(Source records)
=====

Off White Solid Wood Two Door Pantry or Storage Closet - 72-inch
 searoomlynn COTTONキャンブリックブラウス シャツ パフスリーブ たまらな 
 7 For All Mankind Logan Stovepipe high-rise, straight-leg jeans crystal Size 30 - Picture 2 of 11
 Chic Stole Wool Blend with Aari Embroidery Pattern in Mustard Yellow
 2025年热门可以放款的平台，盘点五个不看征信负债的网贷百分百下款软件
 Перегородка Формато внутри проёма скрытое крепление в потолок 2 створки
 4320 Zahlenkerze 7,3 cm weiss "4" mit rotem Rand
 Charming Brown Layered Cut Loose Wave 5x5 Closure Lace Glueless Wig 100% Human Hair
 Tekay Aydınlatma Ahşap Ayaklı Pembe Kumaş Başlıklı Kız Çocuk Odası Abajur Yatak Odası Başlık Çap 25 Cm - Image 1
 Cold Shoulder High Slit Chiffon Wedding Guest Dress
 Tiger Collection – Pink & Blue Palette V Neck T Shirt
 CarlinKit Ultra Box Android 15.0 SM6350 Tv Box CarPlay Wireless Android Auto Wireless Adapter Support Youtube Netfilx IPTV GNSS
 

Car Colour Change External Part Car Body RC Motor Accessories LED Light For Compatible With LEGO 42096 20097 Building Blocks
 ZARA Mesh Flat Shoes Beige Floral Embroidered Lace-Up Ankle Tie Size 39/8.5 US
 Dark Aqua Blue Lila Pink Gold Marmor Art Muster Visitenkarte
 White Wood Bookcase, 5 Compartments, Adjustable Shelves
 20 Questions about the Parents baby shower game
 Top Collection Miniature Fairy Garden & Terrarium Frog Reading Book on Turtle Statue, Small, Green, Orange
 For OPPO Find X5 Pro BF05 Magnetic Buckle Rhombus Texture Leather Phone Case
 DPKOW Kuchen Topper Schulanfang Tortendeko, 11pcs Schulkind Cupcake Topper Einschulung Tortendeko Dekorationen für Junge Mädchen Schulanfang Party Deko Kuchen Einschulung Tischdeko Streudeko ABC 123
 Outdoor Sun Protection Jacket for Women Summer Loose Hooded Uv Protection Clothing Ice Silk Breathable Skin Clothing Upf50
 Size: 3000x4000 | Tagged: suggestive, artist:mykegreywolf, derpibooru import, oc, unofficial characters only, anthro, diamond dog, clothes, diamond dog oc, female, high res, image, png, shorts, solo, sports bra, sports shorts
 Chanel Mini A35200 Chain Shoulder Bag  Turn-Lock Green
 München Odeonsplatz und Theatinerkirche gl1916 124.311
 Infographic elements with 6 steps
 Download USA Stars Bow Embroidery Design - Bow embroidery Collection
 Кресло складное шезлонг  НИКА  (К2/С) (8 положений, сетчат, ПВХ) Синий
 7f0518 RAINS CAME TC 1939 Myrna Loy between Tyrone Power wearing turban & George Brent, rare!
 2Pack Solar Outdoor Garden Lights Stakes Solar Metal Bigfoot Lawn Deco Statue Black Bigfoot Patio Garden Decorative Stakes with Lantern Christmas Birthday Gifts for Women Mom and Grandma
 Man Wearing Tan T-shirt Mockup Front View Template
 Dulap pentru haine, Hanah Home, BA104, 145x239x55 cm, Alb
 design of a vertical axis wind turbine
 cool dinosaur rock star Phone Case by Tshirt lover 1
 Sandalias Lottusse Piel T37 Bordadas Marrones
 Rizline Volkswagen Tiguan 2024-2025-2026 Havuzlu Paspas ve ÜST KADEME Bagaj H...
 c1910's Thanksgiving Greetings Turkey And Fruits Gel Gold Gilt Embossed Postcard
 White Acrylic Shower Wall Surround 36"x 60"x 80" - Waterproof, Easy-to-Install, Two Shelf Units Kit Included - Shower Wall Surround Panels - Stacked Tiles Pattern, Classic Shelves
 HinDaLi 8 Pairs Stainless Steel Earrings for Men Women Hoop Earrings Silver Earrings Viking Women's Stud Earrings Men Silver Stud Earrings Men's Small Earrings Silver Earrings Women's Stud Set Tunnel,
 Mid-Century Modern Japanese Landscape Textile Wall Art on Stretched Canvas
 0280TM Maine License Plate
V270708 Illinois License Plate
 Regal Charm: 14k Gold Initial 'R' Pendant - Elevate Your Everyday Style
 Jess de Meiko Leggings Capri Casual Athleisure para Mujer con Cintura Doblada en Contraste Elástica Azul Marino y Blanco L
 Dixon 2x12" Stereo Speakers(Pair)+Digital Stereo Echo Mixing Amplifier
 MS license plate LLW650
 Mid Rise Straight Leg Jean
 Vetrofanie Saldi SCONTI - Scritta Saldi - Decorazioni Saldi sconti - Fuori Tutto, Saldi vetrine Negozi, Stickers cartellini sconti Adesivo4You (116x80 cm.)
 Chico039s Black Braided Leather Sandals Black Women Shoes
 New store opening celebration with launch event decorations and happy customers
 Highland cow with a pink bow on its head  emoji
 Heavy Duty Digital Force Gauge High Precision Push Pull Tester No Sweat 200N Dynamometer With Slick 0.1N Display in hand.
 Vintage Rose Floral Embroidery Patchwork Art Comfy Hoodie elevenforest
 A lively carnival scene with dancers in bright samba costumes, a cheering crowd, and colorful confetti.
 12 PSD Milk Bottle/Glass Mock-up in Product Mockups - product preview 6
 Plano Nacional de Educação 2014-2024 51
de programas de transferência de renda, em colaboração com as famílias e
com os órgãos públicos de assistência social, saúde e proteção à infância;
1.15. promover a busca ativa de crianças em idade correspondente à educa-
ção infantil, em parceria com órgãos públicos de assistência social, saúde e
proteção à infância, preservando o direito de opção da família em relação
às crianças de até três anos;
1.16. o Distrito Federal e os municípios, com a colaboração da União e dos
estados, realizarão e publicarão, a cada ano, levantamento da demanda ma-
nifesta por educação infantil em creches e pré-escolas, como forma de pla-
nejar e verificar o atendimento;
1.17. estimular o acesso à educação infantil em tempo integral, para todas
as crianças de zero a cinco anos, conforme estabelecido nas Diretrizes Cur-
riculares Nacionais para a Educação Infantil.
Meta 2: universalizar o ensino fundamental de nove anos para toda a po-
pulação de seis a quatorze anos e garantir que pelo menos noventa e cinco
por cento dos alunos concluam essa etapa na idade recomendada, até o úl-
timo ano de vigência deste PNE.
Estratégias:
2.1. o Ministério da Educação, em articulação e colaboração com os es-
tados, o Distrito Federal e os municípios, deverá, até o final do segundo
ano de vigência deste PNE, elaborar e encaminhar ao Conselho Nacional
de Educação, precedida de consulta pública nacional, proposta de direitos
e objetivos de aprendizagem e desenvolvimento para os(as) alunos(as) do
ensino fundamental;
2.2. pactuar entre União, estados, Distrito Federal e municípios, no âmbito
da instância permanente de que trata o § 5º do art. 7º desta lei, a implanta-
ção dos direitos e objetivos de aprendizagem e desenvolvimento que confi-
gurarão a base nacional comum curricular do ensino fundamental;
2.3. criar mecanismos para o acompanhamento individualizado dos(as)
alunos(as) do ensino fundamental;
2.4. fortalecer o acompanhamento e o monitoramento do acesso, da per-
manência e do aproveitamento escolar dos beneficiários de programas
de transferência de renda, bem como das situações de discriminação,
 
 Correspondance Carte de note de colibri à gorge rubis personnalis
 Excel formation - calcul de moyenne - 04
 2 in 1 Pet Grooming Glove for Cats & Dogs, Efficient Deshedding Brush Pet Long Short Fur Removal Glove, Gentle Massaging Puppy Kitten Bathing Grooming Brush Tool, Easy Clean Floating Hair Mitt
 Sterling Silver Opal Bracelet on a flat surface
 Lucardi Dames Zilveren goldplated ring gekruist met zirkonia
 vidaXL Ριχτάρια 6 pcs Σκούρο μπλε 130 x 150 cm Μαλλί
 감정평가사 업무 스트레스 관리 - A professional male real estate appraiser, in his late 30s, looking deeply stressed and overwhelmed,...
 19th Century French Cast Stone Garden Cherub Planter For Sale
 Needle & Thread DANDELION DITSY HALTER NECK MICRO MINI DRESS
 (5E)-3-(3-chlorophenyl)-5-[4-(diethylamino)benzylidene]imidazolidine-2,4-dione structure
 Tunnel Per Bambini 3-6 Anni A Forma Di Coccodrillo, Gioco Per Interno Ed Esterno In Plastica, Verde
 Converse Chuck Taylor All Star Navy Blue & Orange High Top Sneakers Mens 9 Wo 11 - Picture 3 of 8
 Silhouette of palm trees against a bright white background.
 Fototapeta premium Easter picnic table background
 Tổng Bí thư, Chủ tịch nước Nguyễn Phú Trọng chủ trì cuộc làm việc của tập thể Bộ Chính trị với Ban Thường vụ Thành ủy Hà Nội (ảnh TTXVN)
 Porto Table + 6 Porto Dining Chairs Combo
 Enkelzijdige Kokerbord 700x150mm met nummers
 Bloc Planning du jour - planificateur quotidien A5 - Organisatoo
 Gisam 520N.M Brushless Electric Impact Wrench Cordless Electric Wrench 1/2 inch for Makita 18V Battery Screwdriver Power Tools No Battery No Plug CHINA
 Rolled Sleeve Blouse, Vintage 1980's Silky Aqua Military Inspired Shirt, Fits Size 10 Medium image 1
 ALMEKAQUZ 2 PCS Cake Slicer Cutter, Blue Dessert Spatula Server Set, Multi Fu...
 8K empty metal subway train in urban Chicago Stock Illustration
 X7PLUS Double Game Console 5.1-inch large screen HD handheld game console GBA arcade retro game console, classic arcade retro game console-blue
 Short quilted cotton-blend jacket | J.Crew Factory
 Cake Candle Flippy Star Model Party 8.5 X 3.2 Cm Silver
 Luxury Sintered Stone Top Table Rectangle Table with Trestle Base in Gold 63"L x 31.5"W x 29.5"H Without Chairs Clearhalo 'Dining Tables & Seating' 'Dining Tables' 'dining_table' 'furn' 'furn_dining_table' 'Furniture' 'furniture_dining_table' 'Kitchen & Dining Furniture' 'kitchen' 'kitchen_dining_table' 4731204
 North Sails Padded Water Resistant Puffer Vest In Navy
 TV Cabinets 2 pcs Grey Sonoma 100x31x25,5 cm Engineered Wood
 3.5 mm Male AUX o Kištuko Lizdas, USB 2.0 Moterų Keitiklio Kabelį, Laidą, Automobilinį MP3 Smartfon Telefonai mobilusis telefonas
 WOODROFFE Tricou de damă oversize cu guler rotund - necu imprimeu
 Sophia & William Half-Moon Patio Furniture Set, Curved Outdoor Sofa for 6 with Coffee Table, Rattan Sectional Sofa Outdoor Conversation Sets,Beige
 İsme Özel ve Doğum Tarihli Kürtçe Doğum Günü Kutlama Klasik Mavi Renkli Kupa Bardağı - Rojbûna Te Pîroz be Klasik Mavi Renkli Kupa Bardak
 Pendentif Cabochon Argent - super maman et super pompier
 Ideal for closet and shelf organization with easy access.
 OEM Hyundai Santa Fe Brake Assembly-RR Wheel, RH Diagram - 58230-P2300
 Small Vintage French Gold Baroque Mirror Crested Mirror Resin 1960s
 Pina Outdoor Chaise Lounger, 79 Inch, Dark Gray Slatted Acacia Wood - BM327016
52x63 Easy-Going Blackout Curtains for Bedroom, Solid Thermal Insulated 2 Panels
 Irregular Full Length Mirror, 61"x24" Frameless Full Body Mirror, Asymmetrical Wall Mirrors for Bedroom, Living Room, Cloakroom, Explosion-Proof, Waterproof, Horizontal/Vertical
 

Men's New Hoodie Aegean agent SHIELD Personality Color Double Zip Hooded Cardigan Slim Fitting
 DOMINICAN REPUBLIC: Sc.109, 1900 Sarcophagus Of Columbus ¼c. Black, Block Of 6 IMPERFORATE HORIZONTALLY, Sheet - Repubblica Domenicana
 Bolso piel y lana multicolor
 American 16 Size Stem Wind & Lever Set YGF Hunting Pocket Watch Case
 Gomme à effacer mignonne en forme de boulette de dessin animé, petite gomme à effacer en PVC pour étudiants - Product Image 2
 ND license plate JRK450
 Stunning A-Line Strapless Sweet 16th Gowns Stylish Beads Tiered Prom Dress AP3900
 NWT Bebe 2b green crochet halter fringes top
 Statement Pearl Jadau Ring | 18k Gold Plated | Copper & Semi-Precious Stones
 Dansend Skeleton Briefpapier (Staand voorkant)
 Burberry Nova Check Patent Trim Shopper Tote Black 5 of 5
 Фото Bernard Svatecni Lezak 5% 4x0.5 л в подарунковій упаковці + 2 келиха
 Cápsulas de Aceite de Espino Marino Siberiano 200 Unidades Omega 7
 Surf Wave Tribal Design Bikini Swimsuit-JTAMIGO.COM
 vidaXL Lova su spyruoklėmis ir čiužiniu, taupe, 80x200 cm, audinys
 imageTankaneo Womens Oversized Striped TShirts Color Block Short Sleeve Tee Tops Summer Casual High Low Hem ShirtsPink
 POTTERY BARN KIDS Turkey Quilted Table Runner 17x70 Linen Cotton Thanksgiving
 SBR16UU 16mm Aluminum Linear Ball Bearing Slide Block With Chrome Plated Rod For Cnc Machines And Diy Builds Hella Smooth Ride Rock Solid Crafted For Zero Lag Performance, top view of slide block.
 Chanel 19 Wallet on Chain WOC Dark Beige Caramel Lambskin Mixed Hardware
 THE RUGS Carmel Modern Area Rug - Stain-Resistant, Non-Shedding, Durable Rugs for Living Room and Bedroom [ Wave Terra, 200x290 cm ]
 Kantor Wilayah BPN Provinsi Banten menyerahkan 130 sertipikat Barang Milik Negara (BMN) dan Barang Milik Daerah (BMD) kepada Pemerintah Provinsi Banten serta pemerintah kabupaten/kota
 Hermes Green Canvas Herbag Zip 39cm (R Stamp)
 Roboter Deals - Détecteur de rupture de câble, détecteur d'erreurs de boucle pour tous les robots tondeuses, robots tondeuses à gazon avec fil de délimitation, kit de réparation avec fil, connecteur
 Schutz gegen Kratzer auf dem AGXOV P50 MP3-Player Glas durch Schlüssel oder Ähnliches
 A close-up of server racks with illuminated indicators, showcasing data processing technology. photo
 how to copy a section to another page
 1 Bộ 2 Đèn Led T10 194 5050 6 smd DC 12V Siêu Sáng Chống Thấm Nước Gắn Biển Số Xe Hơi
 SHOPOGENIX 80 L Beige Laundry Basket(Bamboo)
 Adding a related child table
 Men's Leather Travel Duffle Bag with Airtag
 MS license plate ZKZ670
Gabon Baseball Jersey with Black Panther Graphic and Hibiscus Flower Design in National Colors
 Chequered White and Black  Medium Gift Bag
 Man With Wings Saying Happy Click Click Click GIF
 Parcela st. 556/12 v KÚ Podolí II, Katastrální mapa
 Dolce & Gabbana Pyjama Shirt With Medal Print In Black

=====

**Instructions to follow**
Take every line from the data that includes the word "estados".

**Response area**
estados, realizarão e publicarão, a cada ano, levantamento da demanda ma-
2.2. pactuar entre União, estados, Distrito Federal e municípios, no âmbito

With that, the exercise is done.